### What this task involves:
Look in the material below for the line holding "Representatives of Nhan". Set it down exactly, with each later line up to and including the line holding "empresário de meia-idade".

*** Opening of Records for this exercise ***

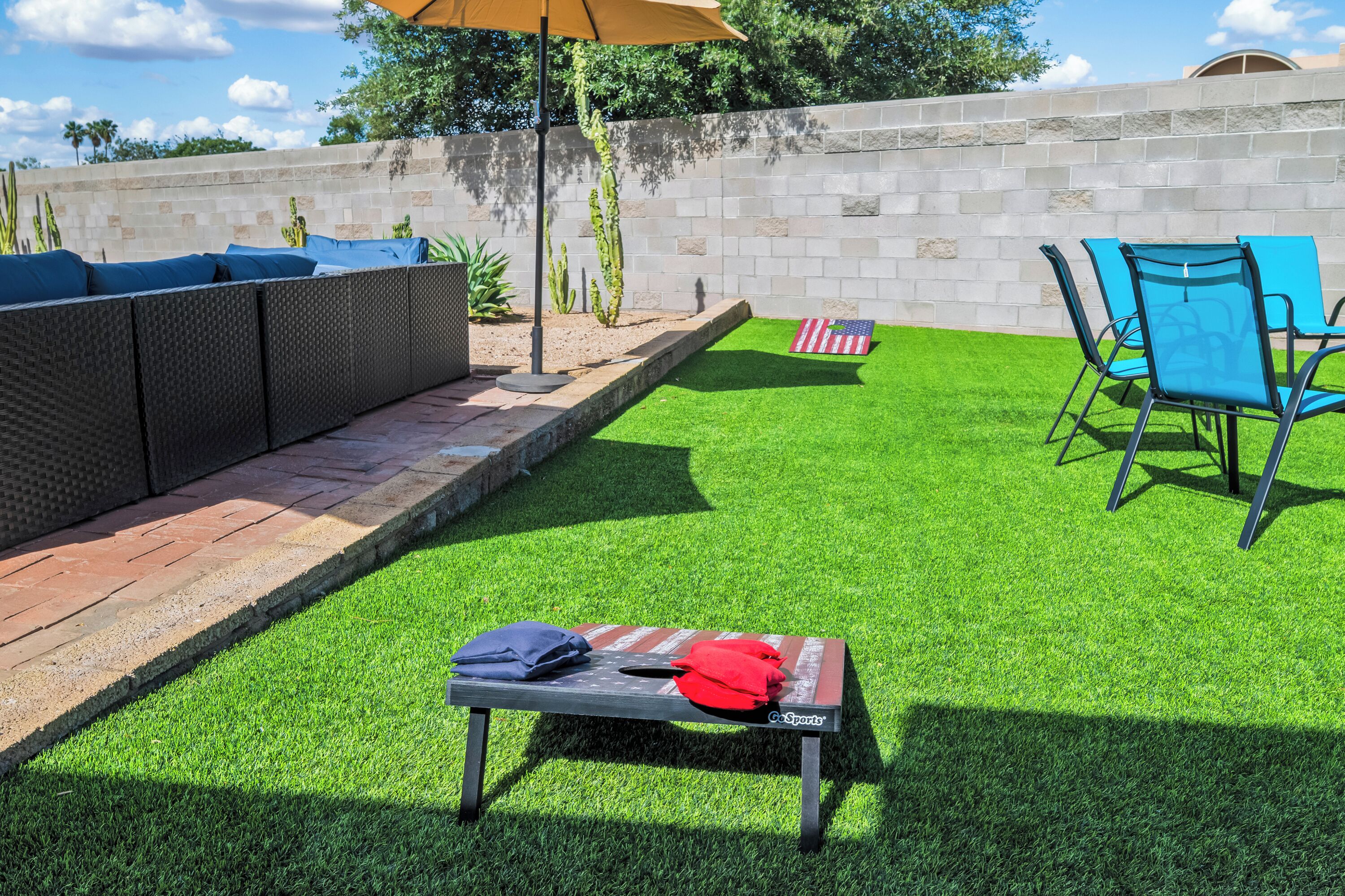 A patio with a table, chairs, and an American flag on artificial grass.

*** Close of Records for this exercise ***
*** Opening of Records for this exercise ***

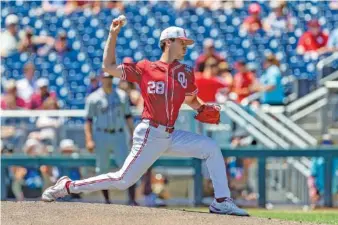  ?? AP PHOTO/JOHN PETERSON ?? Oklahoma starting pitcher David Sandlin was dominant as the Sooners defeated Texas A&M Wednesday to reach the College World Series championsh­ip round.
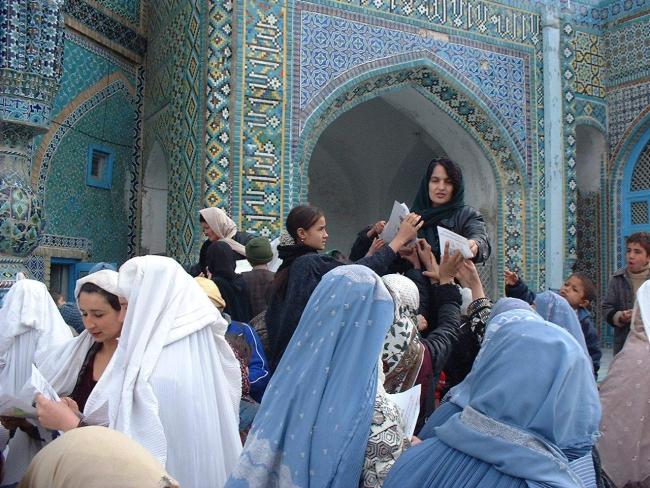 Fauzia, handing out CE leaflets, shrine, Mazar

*** Close of Records for this exercise ***
*** Opening of Records for this exercise ***

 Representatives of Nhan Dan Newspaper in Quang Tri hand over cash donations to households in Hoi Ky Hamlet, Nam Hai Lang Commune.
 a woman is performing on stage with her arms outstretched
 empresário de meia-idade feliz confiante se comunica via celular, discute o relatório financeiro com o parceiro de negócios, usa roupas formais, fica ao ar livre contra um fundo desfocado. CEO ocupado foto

*** Close of Records for this exercise ***

### The answer:
 Representatives of Nhan Dan Newspaper in Quang Tri hand over cash donations to households in Hoi Ky Hamlet, Nam Hai Lang Commune.
 a woman is performing on stage with her arms outstretched
 empresário de meia-idade feliz confiante se comunica via celular, discute o relatório financeiro com o parceiro de negócios, usa roupas formais, fica ao ar livre contra um fundo desfocado. CEO ocupado foto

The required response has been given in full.